Percutaneous Nephrolithotomy (PCNL)
When is this procedure indicated?
Percutaneous nephrolithotripsy is usually offered to patients with voluminous and complex kidney stones, in whom a pure endoscopic retrograde approach would not guarantee a good result in terms of complete remediation of the lithiasic mass.
In particular, it is the preferred procedure for kidney stones larger than 2 cm, while it assumes a less relevant role in smaller kidney stones.
How is it performed?
This technique allows direct access to the intrarenal cavities and calculus by puncturing the kidney and creating a link between the skin and the renal parenchyma. Once the access to the intrarenal cavities has been created, a dilation of the passageway is performed (up to 1 cm as maximum diameter) that allows the insertion of the operating instruments, i.e. the nephroscope, to navigate inside the renal cavities in search of the stone, and then the lithotripsy probes (ballistic, ultrasonic, Holmio laser) used to fragment the stone and then remove the remaining fragments with forceps and baskets.
In the last few years, very small operating instruments have been developed that work through a very small (about 3-5 mm) vessel and allow to perform the so-called mini-LP, limiting the risk of complications and bleeding with comparable success rates but at the price of longer duration of surgery. The choice of technique to be used is always agreed and shared with the patient before the intervention, after a careful analysis of each case. The surgery is performed under general anesthesia, and the patient can be positioned prone or supine depending on the needs and characteristics of the operation.
The average hospital stay after percutaneous lithotripsy is about 3-4 days, and depends on the general condition of the patient and the complexity of the procedure, with a full return to work usually occurring after one week.
Like any surgical procedure, percutaneous nephrolithotripsy is also associated, although in a limited percentage, with complications.

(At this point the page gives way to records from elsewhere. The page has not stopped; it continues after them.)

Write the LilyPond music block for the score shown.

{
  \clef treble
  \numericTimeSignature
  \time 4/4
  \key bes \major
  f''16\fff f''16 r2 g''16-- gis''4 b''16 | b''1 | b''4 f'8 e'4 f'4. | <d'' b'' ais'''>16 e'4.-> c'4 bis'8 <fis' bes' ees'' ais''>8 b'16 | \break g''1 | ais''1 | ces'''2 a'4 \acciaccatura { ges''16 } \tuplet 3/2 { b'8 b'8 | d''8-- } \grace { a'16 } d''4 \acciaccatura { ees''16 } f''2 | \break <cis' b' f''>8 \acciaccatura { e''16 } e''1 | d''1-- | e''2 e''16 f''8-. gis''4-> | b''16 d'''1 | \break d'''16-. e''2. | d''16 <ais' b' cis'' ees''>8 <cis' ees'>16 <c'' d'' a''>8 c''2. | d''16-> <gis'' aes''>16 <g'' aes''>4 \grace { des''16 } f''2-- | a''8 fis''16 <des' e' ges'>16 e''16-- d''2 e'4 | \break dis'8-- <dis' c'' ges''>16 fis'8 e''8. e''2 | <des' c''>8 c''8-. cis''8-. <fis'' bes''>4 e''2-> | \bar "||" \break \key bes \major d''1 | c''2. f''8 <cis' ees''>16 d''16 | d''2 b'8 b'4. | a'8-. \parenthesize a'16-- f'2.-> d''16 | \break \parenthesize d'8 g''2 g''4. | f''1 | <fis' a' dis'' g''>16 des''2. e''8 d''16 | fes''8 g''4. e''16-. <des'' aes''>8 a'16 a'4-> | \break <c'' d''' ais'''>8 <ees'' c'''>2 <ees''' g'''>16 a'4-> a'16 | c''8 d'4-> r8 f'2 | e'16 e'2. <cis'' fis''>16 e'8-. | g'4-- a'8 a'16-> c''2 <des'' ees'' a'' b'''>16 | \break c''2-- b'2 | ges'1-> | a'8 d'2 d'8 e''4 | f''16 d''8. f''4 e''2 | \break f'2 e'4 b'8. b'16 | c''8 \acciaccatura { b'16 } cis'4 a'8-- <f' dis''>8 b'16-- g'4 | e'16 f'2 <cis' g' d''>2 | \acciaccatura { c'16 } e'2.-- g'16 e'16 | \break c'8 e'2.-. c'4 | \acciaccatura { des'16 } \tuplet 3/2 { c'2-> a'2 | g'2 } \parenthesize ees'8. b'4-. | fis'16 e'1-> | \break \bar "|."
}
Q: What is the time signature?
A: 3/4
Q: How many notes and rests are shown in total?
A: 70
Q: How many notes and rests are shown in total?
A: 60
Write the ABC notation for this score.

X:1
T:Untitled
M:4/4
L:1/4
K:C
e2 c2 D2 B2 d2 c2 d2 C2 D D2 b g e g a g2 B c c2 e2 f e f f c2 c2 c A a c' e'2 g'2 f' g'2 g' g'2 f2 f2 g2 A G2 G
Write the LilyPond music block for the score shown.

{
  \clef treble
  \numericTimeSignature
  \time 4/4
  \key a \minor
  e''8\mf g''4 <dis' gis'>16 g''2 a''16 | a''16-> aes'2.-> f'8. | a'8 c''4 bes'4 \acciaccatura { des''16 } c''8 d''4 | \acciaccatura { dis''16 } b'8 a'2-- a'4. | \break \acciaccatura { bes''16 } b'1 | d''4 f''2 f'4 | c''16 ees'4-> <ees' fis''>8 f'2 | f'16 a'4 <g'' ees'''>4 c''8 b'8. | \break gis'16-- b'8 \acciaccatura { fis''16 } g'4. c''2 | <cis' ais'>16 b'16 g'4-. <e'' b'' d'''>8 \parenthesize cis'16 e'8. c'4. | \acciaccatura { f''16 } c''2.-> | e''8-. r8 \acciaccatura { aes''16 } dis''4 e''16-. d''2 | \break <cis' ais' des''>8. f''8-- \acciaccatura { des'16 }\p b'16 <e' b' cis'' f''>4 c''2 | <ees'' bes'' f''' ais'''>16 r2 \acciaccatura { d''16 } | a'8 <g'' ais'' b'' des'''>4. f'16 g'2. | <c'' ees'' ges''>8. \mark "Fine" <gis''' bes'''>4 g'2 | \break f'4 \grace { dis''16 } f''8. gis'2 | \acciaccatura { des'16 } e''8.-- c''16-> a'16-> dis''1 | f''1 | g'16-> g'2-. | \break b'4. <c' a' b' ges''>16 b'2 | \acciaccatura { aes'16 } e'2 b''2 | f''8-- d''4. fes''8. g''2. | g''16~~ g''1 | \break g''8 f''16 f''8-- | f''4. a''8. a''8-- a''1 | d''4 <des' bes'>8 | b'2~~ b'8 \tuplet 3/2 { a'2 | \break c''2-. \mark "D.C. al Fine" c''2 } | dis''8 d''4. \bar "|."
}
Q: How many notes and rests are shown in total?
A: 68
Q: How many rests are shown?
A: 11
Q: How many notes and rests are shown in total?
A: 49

Data in the literature show that the following may occur: fever (10.8%), need for transfusion (7%), pleural injury (1.5%), systemic infection (sepsis, 0.3-4.7%), adjacent organ injury (colon, liver, spleen - 0.4%), need to embolize renal bleeding sources (0.4%), peri-operative mortality (0.05%).
Reduced kidney function can be a long-term complication, especially if embolization of arterial vessels of the renal parenchyma becomes necessary due to post-operative bleeding that does not resolve spontaneously.